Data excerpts
-=-=-=-=-

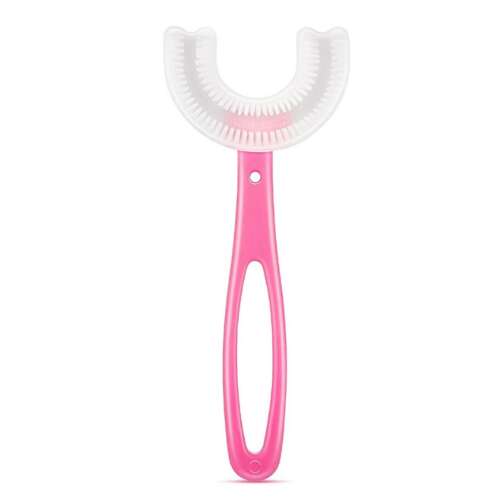 StartONTeam U-shaped circular toothbrush for kids, pink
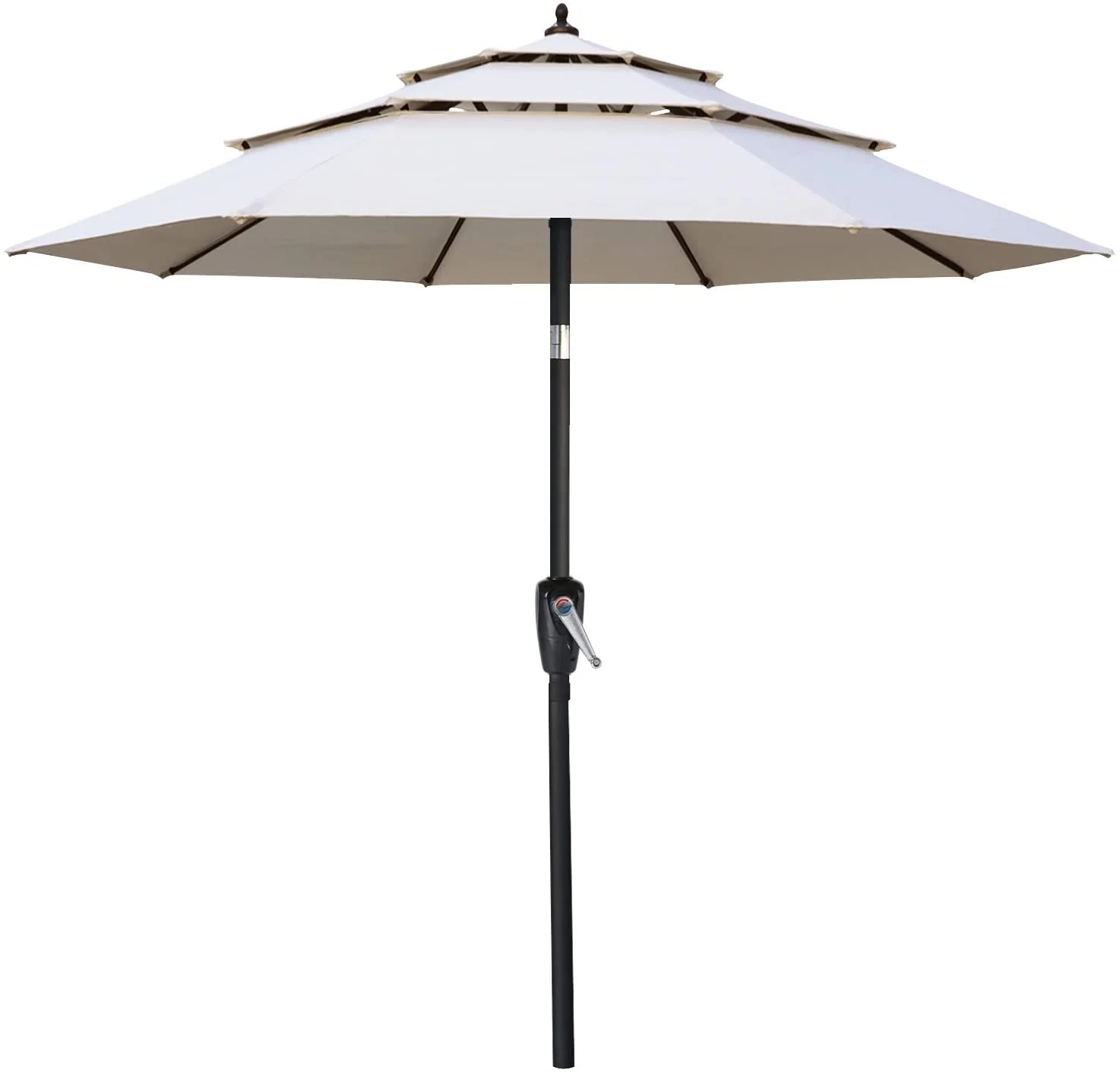 3 Tiers Patio Umbrella Outdoor Table Umbrella - Image 22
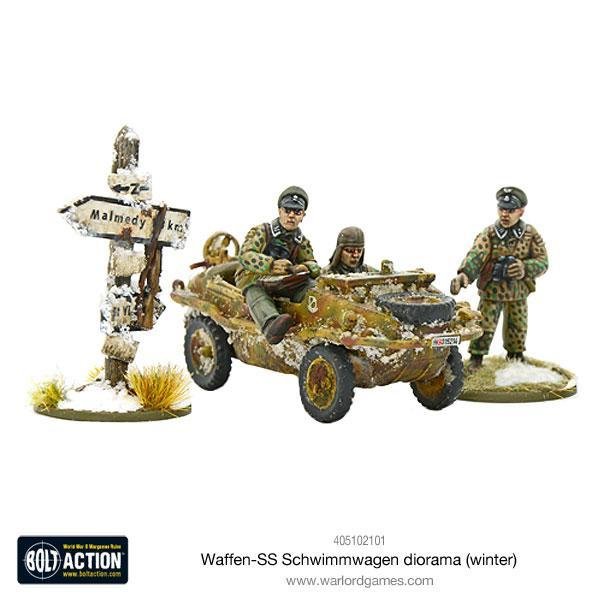 Waffen SS Schwimmwagen diorama (winter)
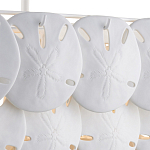 Люстра овальной формы с белыми подвесными элементами White Natural Lines варинант исполнения - 2 | Loft Concept в Ростове-на-Дону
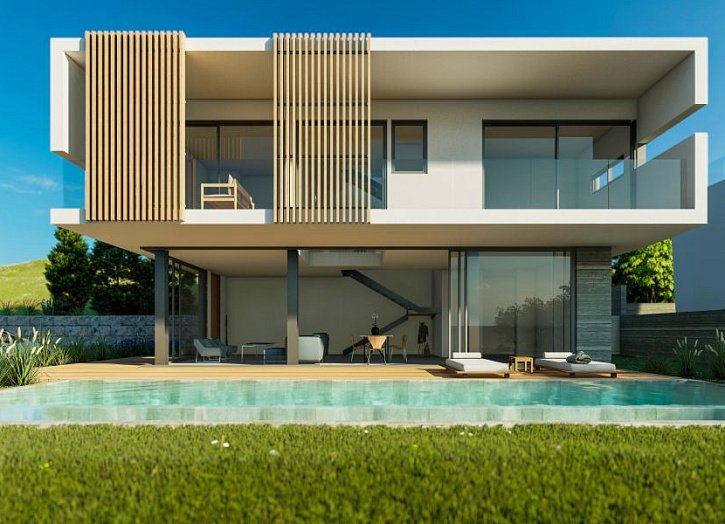 Ready Modern villa with amazing sea views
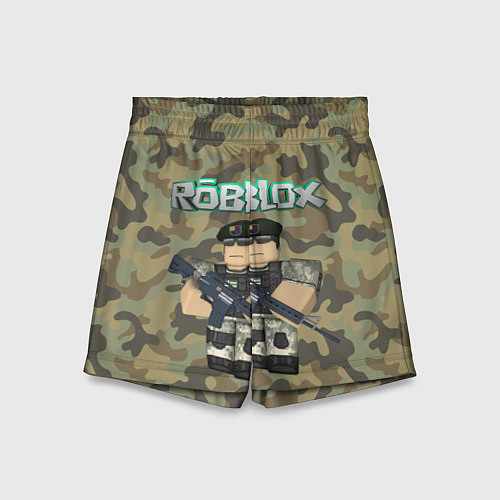 Детские шорты Roblox 23 February Camouflage / 3D-принт – фото 1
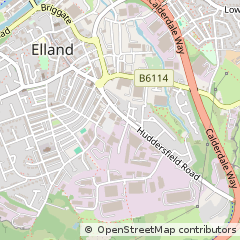 Map of Elland, West Yorkshire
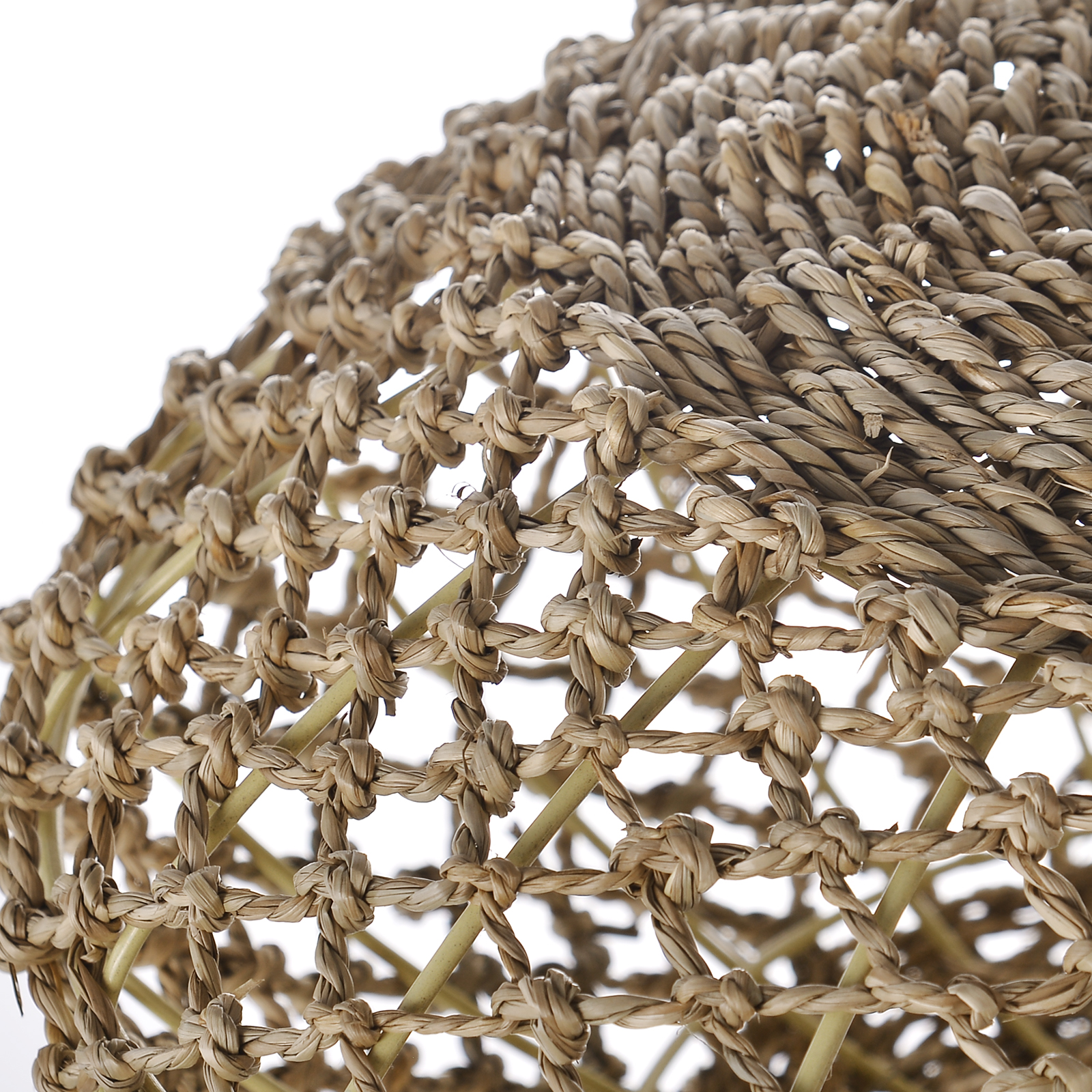 Rustic Country Seagrass Hanging Lamp for Living Room
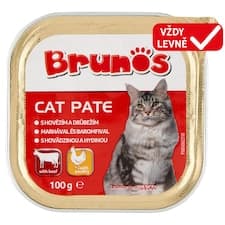 Brunos Paštika s hovězím a drůbežím 100g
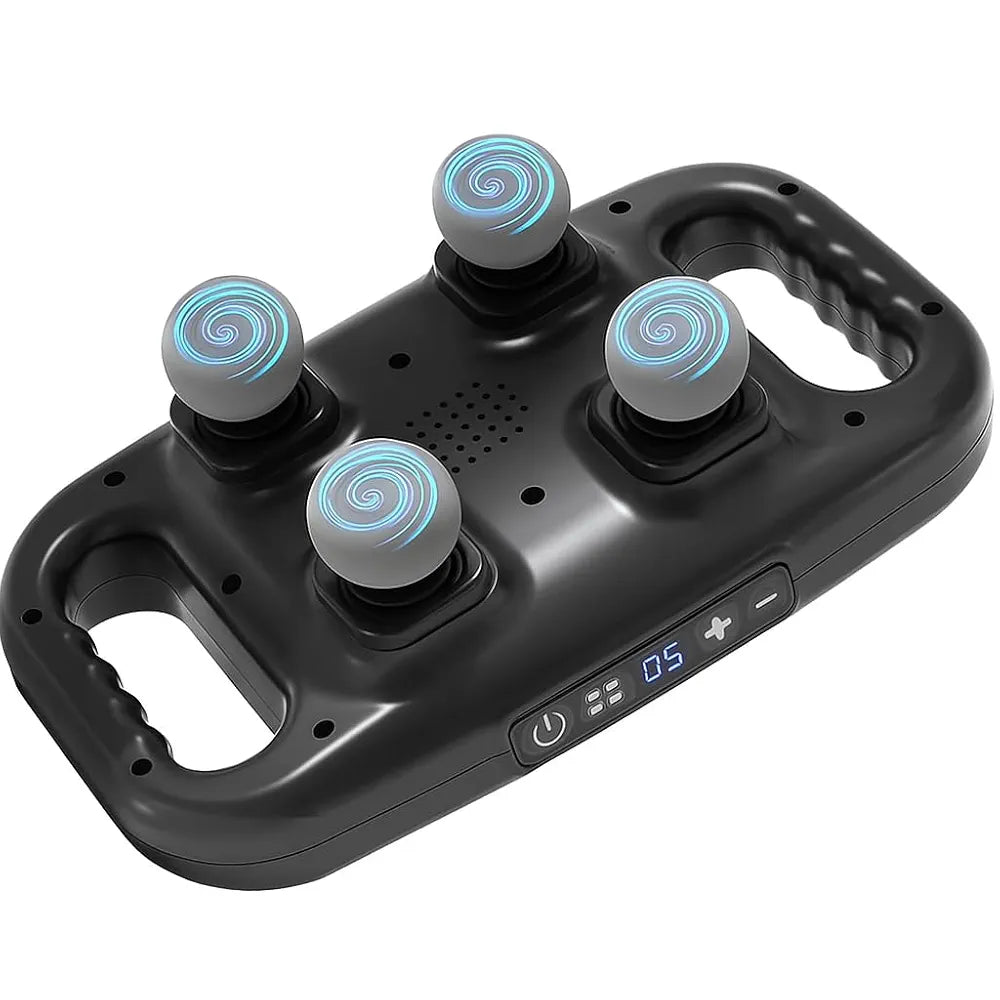 Masajeador de Percusión Pro YCY-1601 – Alivio Muscular Profundo con 4 Cabezales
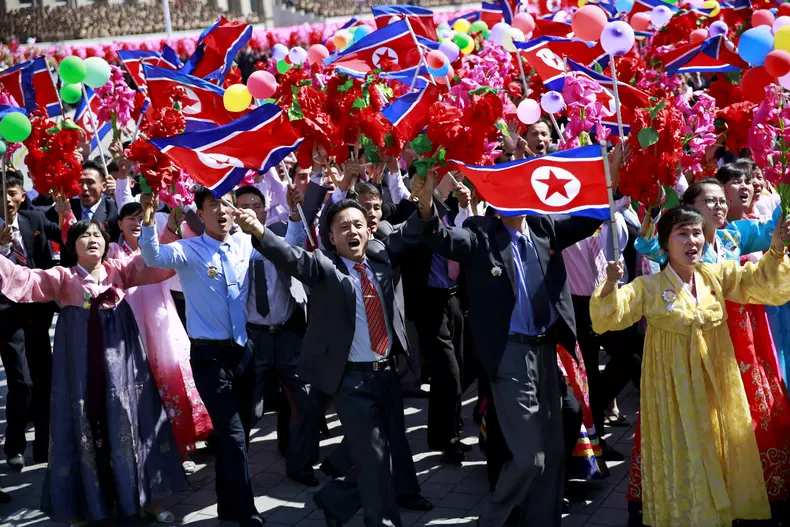 parada din coreea de nord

-=-=-=-=-

WORK ITEM: Your copy should hold exactly the lines from the line bearing "Люстра овальной формы" through the end of the data, both included, and no pictures or anything further.

TASK SOLUTION:
 Люстра овальной формы с белыми подвесными элементами White Natural Lines варинант исполнения - 2 | Loft Concept в Ростове-на-Дону
 Ready Modern villa with amazing sea views
 Детские шорты Roblox 23 February Camouflage / 3D-принт – фото 1
 Map of Elland, West Yorkshire
 Rustic Country Seagrass Hanging Lamp for Living Room
 Brunos Paštika s hovězím a drůbežím 100g
 Masajeador de Percusión Pro YCY-1601 – Alivio Muscular Profundo con 4 Cabezales
 parada din coreea de nord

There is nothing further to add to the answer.